### DATA EXTRACTS:
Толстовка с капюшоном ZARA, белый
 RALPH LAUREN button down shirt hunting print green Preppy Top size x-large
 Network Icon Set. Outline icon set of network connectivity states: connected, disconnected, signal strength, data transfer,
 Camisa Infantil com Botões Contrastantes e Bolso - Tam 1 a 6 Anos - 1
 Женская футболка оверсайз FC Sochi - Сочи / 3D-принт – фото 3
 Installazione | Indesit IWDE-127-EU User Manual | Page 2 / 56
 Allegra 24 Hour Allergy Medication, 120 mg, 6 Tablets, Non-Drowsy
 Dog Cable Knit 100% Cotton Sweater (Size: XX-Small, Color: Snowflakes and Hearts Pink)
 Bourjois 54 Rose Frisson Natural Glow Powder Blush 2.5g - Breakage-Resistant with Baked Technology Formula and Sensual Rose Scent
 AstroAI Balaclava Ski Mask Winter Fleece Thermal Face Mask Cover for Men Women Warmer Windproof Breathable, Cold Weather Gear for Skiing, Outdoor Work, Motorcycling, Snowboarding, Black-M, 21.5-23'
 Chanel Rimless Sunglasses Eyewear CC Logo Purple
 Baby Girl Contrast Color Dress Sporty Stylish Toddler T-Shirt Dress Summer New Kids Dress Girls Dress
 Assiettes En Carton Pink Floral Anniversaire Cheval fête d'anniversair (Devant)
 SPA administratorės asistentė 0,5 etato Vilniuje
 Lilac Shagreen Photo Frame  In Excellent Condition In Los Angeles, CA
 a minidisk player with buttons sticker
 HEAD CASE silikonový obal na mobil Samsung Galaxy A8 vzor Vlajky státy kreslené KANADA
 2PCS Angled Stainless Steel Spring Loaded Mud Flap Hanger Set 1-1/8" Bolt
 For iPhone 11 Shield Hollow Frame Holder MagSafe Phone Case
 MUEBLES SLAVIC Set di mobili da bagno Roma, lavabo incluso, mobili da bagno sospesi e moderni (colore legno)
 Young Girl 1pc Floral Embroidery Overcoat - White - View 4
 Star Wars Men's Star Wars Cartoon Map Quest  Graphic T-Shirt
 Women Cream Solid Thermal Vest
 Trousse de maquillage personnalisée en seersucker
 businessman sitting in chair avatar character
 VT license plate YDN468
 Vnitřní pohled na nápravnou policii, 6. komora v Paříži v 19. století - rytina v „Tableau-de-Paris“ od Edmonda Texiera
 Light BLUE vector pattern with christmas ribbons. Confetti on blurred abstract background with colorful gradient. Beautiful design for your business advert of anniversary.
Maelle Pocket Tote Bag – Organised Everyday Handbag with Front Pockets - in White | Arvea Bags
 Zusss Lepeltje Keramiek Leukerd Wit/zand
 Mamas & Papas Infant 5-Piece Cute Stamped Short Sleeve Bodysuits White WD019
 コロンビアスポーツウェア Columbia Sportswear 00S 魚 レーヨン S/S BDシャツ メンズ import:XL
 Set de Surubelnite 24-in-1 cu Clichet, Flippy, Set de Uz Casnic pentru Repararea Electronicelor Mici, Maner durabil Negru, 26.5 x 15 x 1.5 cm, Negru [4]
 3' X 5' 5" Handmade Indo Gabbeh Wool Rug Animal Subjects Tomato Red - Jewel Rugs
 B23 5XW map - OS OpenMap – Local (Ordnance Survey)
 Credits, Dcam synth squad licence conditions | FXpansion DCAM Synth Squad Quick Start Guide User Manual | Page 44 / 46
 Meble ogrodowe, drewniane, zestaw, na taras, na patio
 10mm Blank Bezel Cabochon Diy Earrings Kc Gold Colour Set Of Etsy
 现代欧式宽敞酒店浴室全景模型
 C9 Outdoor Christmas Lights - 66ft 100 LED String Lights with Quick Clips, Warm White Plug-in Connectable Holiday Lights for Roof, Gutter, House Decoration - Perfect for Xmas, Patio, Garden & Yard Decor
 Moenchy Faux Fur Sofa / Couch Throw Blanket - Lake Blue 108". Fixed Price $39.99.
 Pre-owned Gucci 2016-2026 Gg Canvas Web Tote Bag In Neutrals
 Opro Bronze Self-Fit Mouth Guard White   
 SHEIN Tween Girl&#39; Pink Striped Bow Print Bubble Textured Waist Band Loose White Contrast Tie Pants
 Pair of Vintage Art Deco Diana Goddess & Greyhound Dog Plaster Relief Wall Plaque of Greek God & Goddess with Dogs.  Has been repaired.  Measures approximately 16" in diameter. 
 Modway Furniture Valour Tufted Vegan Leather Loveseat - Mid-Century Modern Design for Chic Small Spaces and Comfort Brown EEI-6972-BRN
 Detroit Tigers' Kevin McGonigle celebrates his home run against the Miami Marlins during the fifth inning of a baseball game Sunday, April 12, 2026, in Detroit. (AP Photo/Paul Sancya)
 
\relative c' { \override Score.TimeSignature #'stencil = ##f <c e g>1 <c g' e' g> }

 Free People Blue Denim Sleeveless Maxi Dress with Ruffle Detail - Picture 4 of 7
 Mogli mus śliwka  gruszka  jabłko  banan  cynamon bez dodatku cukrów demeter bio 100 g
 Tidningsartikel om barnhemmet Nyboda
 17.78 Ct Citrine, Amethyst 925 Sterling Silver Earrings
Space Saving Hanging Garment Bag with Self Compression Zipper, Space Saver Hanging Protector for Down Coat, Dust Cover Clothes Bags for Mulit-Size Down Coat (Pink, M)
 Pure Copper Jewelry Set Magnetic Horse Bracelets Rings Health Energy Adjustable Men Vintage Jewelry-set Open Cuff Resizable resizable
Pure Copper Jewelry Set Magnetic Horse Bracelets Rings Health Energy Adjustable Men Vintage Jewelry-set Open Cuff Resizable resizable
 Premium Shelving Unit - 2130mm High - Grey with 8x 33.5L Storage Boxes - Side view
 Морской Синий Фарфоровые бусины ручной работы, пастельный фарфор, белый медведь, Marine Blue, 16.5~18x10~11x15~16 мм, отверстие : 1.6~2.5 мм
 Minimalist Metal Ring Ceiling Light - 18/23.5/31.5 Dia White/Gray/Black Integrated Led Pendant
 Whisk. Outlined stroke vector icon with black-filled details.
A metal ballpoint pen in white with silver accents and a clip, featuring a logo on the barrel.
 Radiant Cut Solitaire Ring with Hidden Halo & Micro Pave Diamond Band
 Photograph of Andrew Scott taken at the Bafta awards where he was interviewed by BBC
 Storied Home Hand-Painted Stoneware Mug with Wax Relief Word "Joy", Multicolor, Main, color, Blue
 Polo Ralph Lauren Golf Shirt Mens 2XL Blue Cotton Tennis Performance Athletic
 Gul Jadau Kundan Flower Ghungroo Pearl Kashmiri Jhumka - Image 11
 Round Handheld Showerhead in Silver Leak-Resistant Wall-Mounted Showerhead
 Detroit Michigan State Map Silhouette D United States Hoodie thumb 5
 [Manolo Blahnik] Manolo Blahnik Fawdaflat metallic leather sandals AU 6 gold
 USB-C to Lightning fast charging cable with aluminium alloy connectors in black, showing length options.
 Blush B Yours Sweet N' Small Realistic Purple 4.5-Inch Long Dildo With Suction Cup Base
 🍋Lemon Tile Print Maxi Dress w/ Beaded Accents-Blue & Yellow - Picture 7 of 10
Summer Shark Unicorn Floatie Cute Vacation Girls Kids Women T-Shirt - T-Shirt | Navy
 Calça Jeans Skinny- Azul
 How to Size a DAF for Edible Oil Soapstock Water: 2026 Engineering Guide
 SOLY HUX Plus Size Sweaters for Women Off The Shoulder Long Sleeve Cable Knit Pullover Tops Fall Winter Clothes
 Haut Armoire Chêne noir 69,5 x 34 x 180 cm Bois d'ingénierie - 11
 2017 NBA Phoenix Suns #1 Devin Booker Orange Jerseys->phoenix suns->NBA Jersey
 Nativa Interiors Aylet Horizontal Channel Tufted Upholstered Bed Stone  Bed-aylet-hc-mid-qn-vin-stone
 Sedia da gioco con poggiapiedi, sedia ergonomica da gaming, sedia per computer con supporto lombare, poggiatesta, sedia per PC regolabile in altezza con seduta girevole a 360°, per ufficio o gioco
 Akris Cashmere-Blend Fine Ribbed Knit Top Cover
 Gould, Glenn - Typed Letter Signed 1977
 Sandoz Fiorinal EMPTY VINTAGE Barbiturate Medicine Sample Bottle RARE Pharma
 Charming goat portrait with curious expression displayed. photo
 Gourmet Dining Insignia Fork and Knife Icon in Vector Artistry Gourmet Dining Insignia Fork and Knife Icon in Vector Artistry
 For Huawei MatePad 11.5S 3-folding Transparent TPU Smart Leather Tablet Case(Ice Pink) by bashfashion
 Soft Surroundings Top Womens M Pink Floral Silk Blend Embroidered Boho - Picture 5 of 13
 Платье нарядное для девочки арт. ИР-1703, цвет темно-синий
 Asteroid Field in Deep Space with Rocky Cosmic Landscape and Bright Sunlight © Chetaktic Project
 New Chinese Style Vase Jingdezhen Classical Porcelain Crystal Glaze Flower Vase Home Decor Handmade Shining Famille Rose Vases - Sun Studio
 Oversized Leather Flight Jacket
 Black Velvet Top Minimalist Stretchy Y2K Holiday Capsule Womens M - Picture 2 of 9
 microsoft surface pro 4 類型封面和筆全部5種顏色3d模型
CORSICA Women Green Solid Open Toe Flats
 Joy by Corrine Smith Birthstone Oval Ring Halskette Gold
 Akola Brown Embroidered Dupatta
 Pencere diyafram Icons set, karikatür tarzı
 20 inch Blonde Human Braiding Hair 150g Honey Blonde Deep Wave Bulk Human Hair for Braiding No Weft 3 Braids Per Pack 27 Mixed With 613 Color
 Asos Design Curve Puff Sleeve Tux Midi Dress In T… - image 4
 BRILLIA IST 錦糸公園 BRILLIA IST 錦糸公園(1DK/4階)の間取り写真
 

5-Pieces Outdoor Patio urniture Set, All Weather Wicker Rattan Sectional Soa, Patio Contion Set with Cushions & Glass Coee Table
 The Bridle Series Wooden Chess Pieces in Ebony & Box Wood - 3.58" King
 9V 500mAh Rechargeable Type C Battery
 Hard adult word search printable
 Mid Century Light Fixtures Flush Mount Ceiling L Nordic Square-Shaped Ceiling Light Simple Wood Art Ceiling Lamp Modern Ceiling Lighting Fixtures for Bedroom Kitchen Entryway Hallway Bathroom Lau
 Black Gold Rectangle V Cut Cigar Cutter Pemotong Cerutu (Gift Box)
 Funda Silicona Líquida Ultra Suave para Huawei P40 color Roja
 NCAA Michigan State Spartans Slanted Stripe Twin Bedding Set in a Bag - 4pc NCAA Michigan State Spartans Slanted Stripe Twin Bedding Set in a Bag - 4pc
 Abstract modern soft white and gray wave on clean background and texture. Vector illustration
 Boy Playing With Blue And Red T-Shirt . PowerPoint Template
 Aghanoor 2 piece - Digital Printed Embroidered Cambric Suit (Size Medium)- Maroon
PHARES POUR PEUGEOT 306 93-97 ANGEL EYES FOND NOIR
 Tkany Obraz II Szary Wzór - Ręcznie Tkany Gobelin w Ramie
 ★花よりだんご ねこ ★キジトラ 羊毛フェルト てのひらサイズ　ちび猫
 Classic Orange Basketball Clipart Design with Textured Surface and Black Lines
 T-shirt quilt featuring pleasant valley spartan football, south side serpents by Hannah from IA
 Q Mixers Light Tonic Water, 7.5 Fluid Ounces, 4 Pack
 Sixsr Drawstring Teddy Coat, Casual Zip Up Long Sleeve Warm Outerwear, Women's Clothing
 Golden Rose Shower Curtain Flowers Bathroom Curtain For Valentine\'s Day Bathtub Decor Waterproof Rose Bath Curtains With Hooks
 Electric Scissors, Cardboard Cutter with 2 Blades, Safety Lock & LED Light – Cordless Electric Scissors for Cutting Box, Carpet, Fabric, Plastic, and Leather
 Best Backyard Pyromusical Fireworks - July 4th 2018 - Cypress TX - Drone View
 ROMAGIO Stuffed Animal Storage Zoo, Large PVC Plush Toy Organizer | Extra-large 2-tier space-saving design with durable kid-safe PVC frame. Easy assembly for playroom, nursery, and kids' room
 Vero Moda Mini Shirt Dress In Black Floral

### WORK REQUIRED:
Could you reproduce, exactly, every line above from the line with "Free People Blue" to the line with "Space Saving Hanging", and no other line? Both ends count.

### RESULT:
 Free People Blue Denim Sleeveless Maxi Dress with Ruffle Detail - Picture 4 of 7
 Mogli mus śliwka  gruszka  jabłko  banan  cynamon bez dodatku cukrów demeter bio 100 g
 Tidningsartikel om barnhemmet Nyboda
 17.78 Ct Citrine, Amethyst 925 Sterling Silver Earrings
Space Saving Hanging Garment Bag with Self Compression Zipper, Space Saver Hanging Protector for Down Coat, Dust Cover Clothes Bags for Mulit-Size Down Coat (Pink, M)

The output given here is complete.